- WORK ITEM -
Copy all the data exactly, except the pictures.

*** DATASET SECTION ***

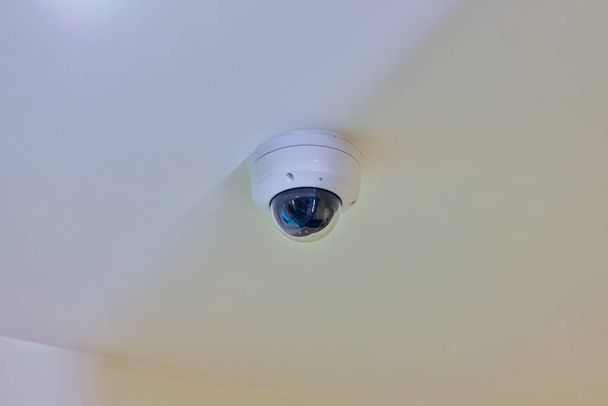 Online Security CCTV camera surveillance system indoor of house. Real time Modern CCTV camera on a pole. Equipment system service for safety life or asset. - Photo, Image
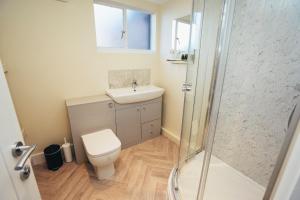a bathroom with a toilet and a sink and a shower at The Stay Company, Friar Gate Bridge. in Derby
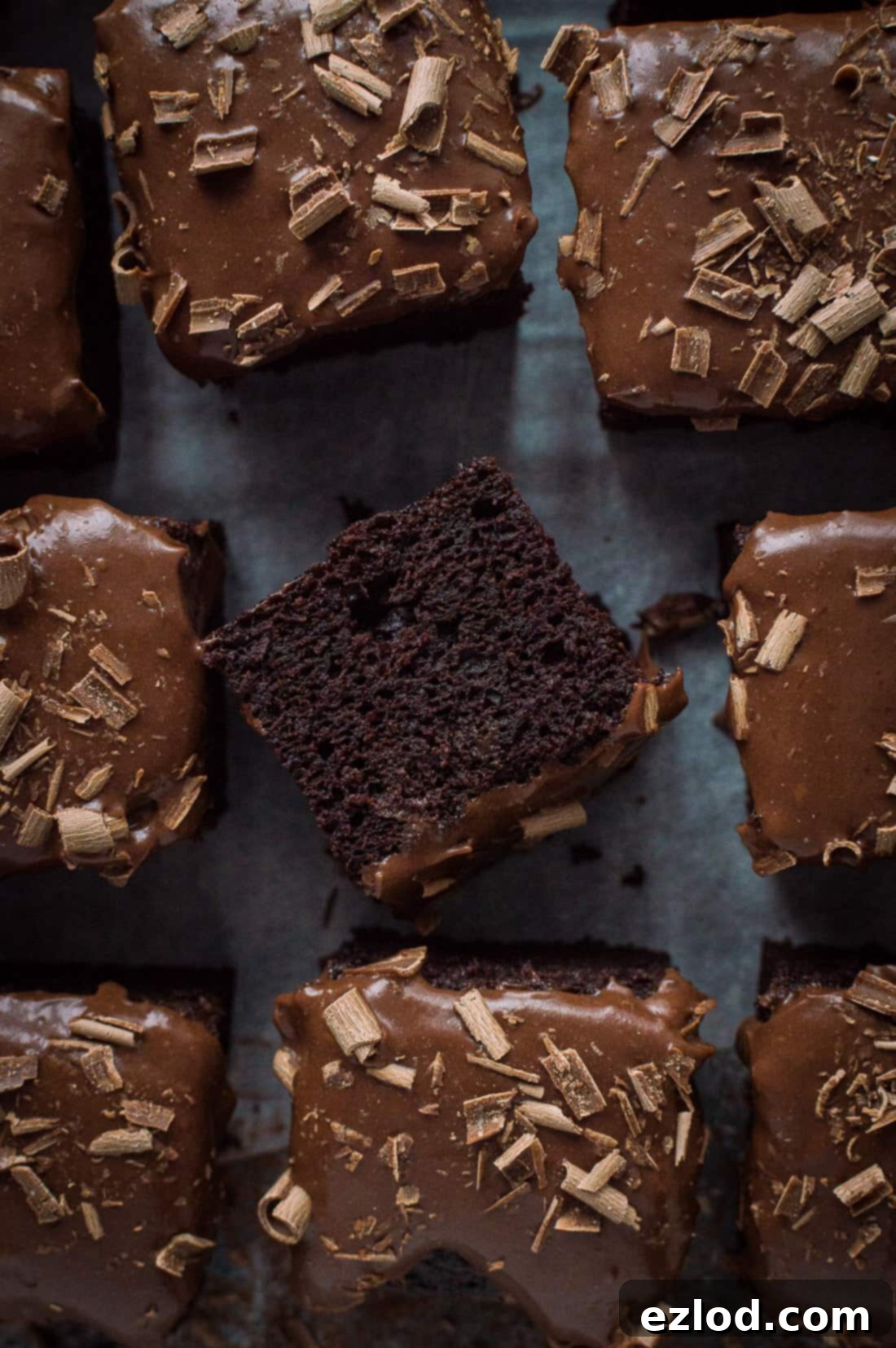 Squares of vegan chocolate traybake cake with vegan ganache, one slice on it's side.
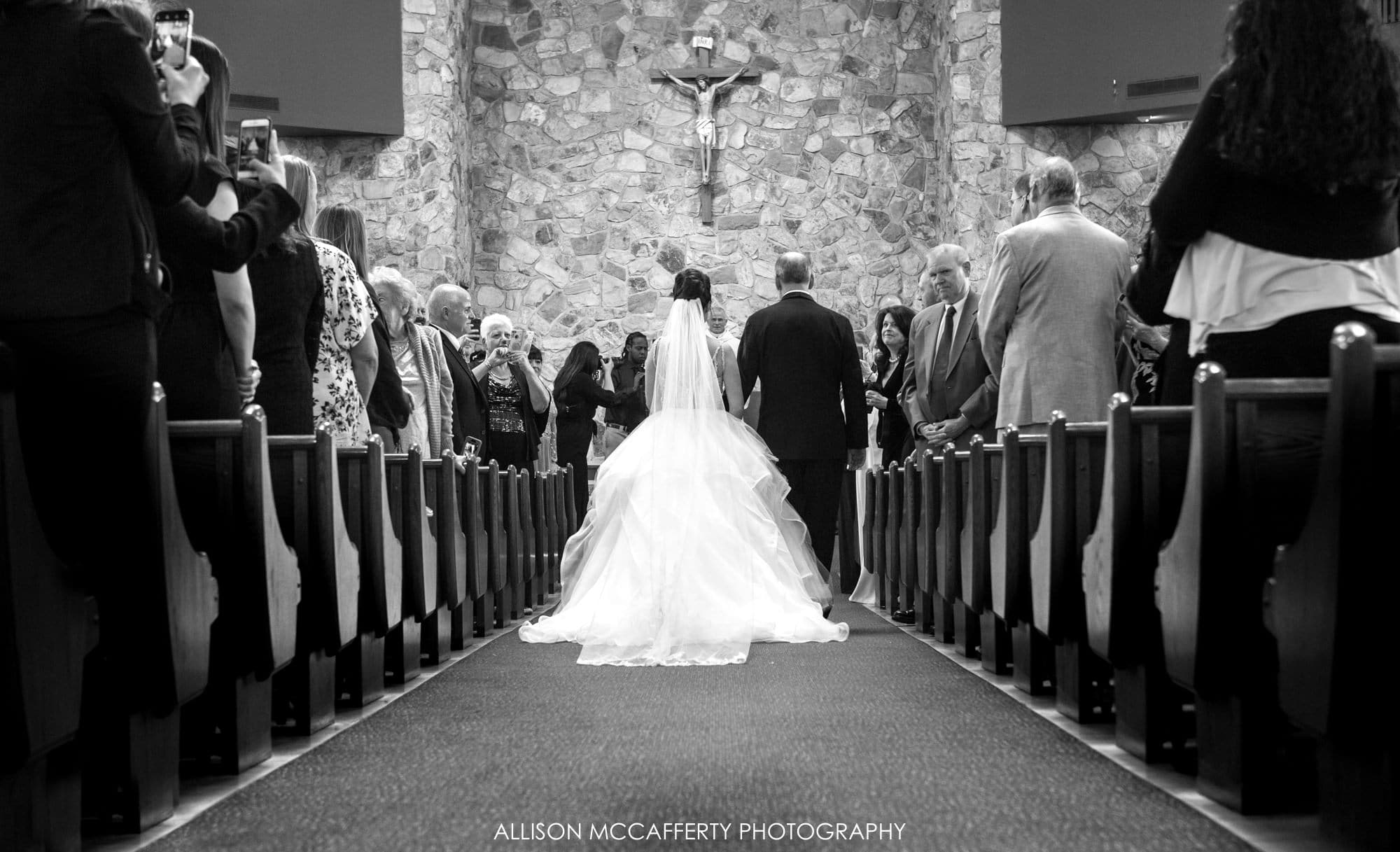 Black and white photo of the church during a wedding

*** End of DATASET SECTION ***

- ANSWER BELOW -
 Online Security CCTV camera surveillance system indoor of house. Real time Modern CCTV camera on a pole. Equipment system service for safety life or asset. - Photo, Image
a bathroom with a toilet and a sink and a shower at The Stay Company, Friar Gate Bridge. in Derby
 Squares of vegan chocolate traybake cake with vegan ganache, one slice on it's side.
 Black and white photo of the church during a wedding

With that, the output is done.